→ Assigned task:
Return the following data exactly, with all pictures left out.

→ Data shown:
--- --- ---
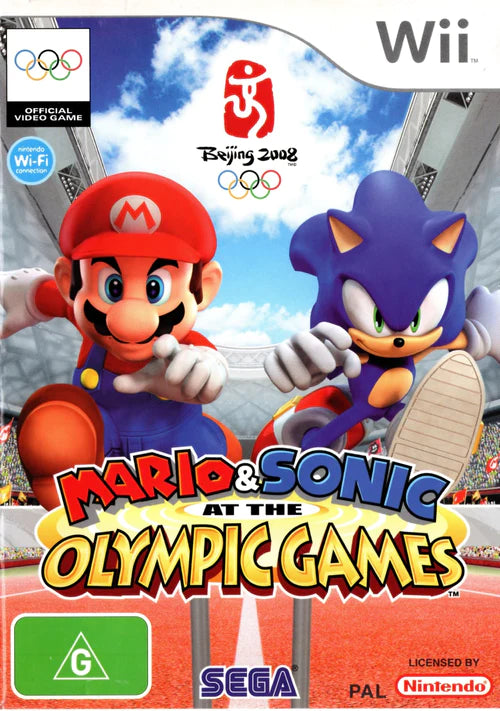 Mario & Sonic at the Olympic Games - WII - Complete With Manual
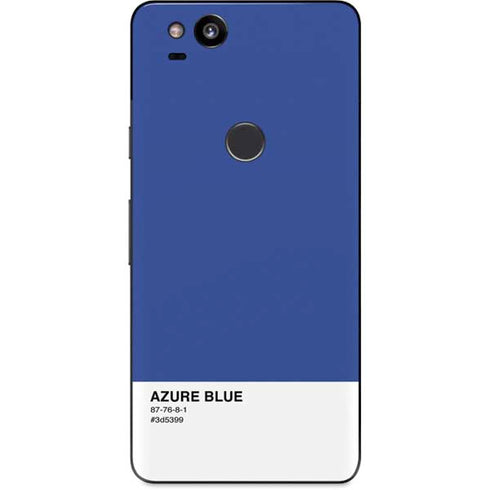 Azure Blue Google Pixel 2 Skin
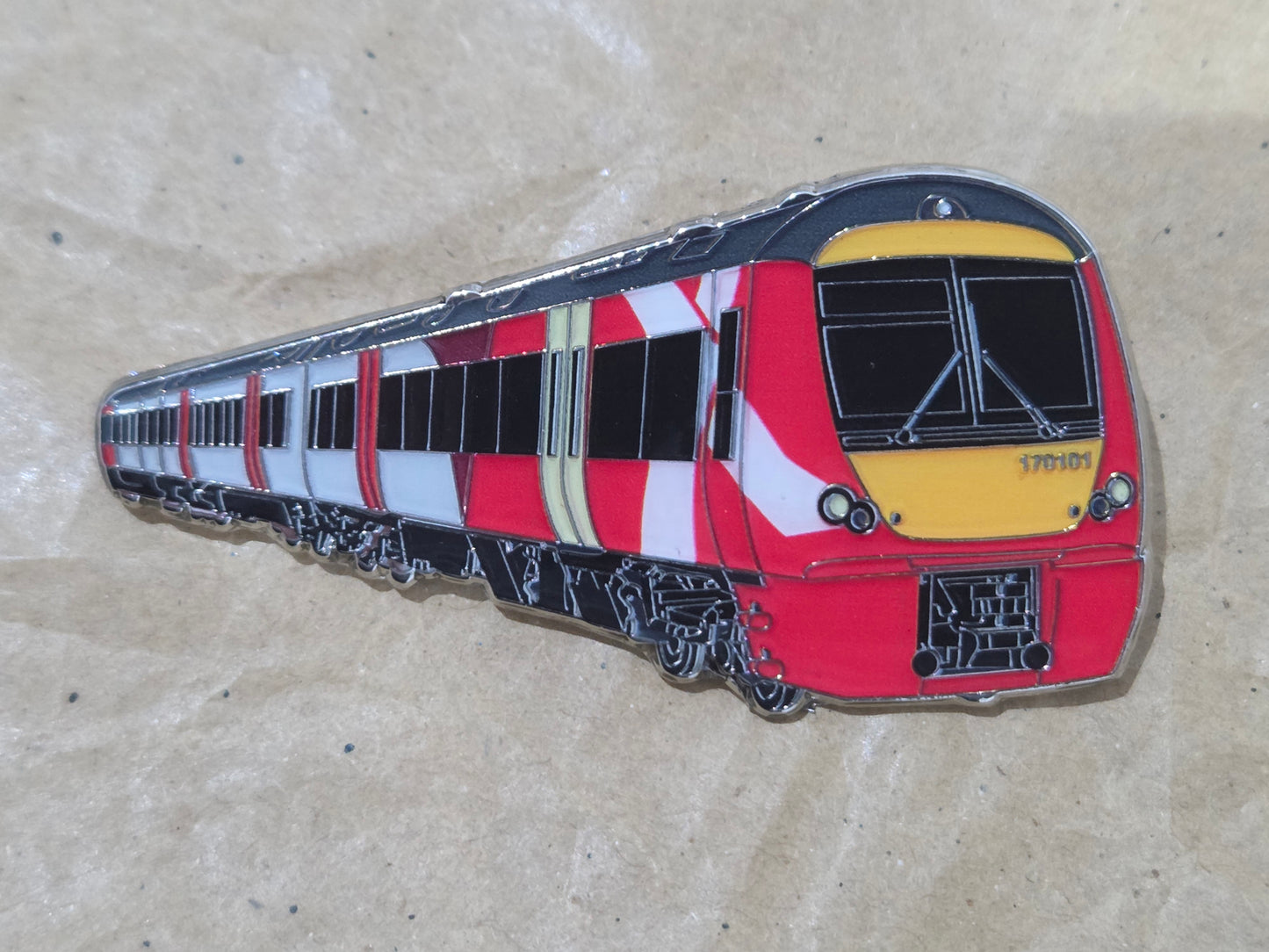 Cross Country Class 170 Enamel Brooch Pin Badge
--- --- ---
→ Task response:
 Mario & Sonic at the Olympic Games - WII - Complete With Manual
 Azure Blue Google Pixel 2 Skin
 Cross Country Class 170 Enamel Brooch Pin Badge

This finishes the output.